Pressure from top Democrats and left-wing pundits is mounting on a presumptive Biden administration to make “canceling” student debt a priority (aka, make taxpayers pay it off). The problems with this policy are endless, from its regressive benefits that skew toward the wealthiest citizens to its creation of a moral hazard problem that would encourage future students to make poor decisions.

But in a fascinating twist, a new analysis shows that even from a progressive economic perspective, student loan cancellation would be an awful economic “stimulus” policy. Left-wing advocates have made their case, in part, based on the notion that canceling student loans would free up money for people and encourage spending, which, under “Keynesian” economic theory, stimulates the economy.

Yet the nonpartisan Committee for a Responsible Federal Budget just threw cold water on this narrative. Their new analysis explicitly shows, using progressive economic assumptions and analysis, that canceling student loans wouldn’t do much to stimulate the economy at all.

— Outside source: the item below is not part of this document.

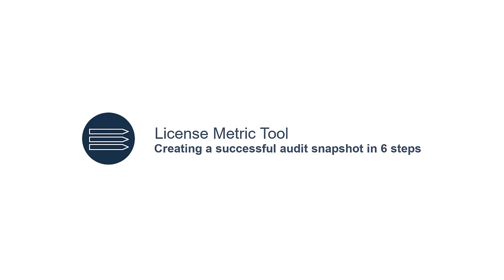Welcome to BigFix Inventory and License Metric Tool videos. In this video, you will learn how to create a successful audit snapshot.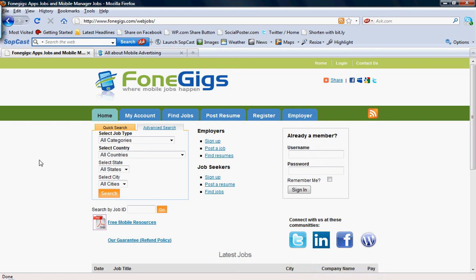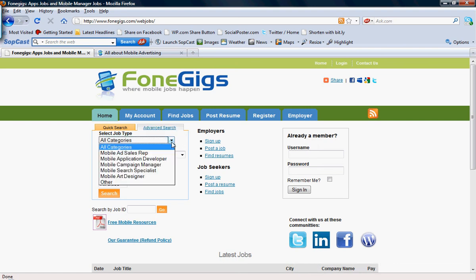We have dozens of mobile account manager jobs available throughout the country and across the globe. PhoneGigs only specializes in mobile advertising. So that's mobile ad sales rep,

Full student debt cancellation would cost taxpayers $1.5 trillion, the group says, but it would only increase cash flow available for spending by $90 billion in 2021.

As the analysis explains, this is “because borrowers often pay back their loans over 10, 15, or even 30 years, debt cancellation will increase their available cash by only a fraction of the total loan forgiveness.”

As a result, even this analysis, friendly to progressive assumptions about the economy, finds that a massive $1.5 trillion debt cancellation initiative would only boost economic output by $115 billion to $360 billion.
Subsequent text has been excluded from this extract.